Aimee McHale Wayling struggled for years to maintain a relationship to the church, but reached her breaking point with the appointment of Pope Benedict XVI:

"While I think of my Catholic heritage as part of who I am, the papacy of Benedict XVI sealed my departure from the church that I once loved ... My conscience, my reason and my own experience of God’s love have ultimately led me to believe that the hierarchy of the Catholic Church is far more concerned with the perpetuation of conservative Catholic dogma than it is to the propagation of a faith based on the radical inclusivity and boundless love of Jesus Christ. When I was growing up in the 1970s, we used to sing a song at Mass that proclaimed that “they will know we are Christians by our love.” Now, it seems more apt that “they will know we are Catholics by our adherence to the Magisterium,” adding, "I have no hope that this will change any time soon, with Benedict or without him."

McHale Wayling articulated a common theme among readers: The church is just too far gone to return to. As Kathleen Delpha wrote:

"The church is going to have to lose the hierarchy in order for me to fully come back. I cannot reconcile my life as an educated, conscientious person with the medieval style of decision making and loyalty demands. Absolute power corrupts, and we have seen ample evidence of this through the church scandals."

Gregory Mysko has a wish list for the next pope, but doesn't expect anything will change:

"It would be refreshing for the Catholic Church to take a realistic view on contraception and abortion. But I don't see that happening no matter who is chosen to be the next pope. There are many valid spiritual paths one can choose. Catholics have a choice."

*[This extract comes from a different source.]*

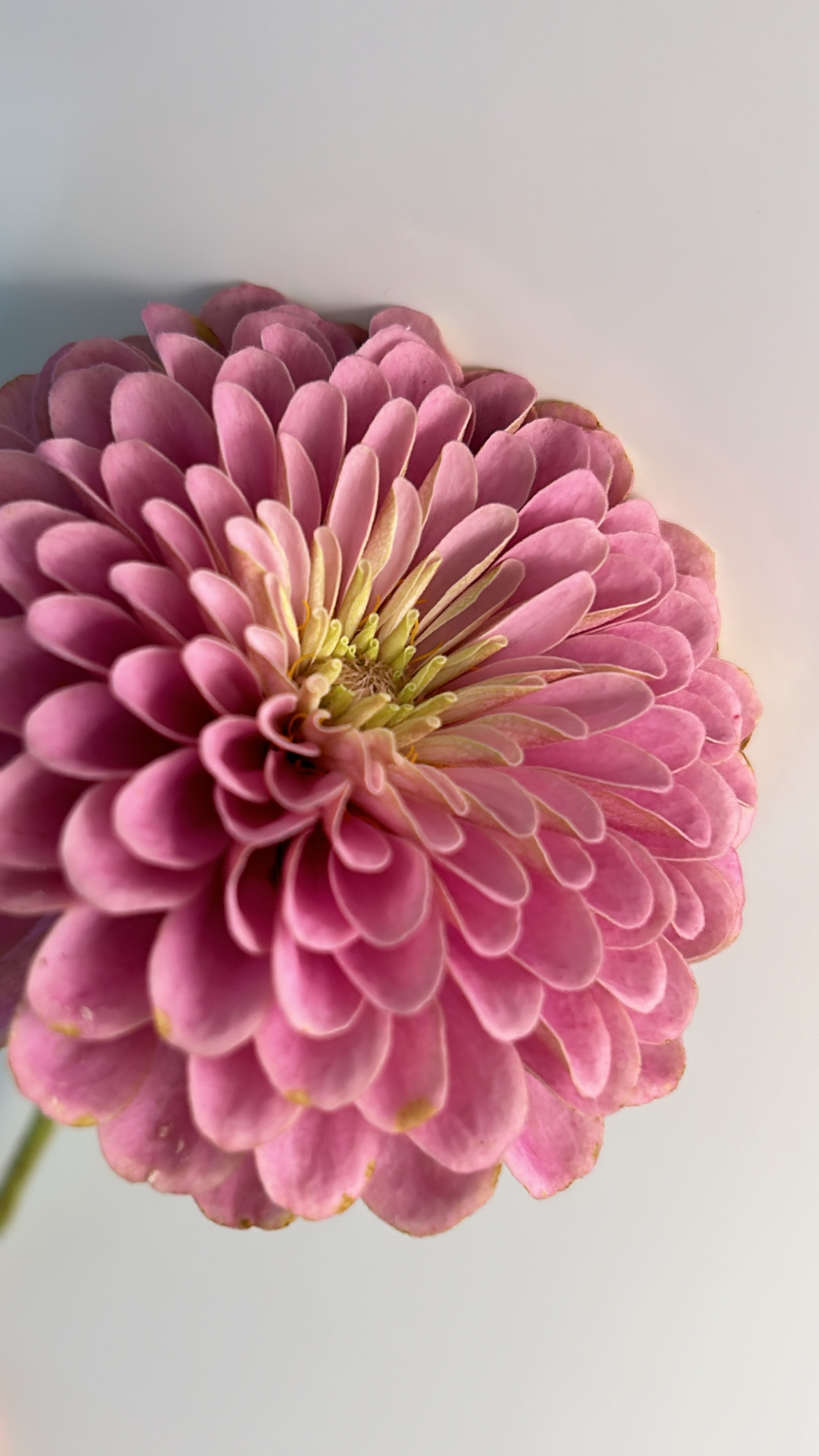 Electric Bloom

Rather than signaling a progressive shift away from a papacy rocked by sexual abuse coverups and a hard-line approach to women's reproductive rights and sexual health, Chris Lerch worries the next pope will lead the church even further in the other direction:

"I think Benedict's resignation won't affect the status quo. Unlike his predecessors, he will be able to influence the choosing of his successor. That means the church will continue to distance itself from the reforms of Vatican II. There was optimism in the late '60s and '70s that the church was changing, and that you would see a turn away from dogma and toward a modern model. Everything seemed possible: an equal role for women, a reevaluation of birth control, a welcoming of all people to the Sacraments. Instead we had regression and a hard conservative line that continues to drive more and more Catholics away."

For Jane Smith, a lack of transparency isn't only incompatible with her religious experience, but with a generation that values open access to information and questions everything:

"You can’t expect individuals to follow blindly anymore. We live in the Instant Information Age; we will not be shut down when we question.  We will not be cast out when we ask why.  We’ll just look it up, form our own opinions and leave the fossils buried in the dirt, when we walk away. I’ll always believe in God, but I’ll never follow anyone quite so blindly again."

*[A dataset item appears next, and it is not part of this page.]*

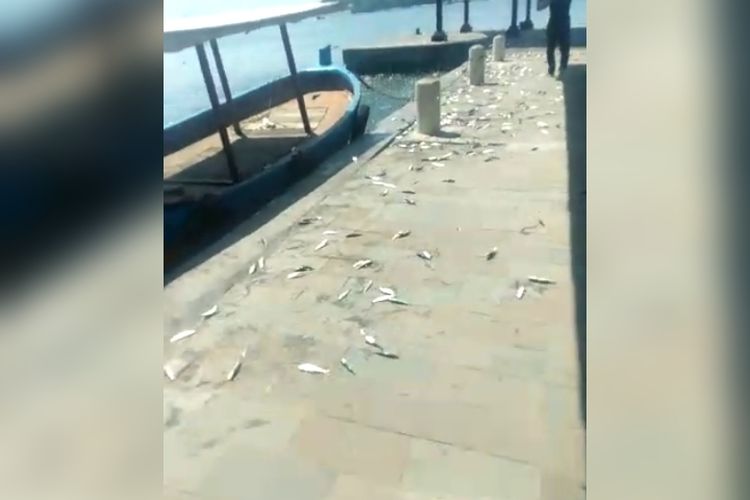 Ikan-ikan terkapar di Pulau Onrust, Kepulauan Seribu pada Selasa (29/11/2022). Warga yang menyaksikan fenomena itu pun lompat kegirangan karena menganggapnya sebagai rezeki.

The church is out of touch, so much so that Claire Celsi left it to none other than Taylor Swift to express her feelings:

"In the words of Taylor Swift, I would 'never, ever, ever' become a Catholic again. Or any religion, for that matter. About 10 years ago, I was a practicing Catholic and very involved in my church. Over the period of about a year, I slowly realized that the Catholic Church was a biased, out of touch and broken institution that was completely irrelevant to my life. I could no longer justify the amount of time and energy I had put into the church, even though I loved the people I met there.

"Specifically, it was the teachings on birth control, women's roles in the church (especially the witch hunt on nuns), and the church's sex scandals and protection of pedophiles that caused me to leave and now I'm an atheist. I realized that each religion has its own untenable ancient beliefs that defy not only reality but are irrelevant to modern life ... The hypocrisy was too stark. I'm out."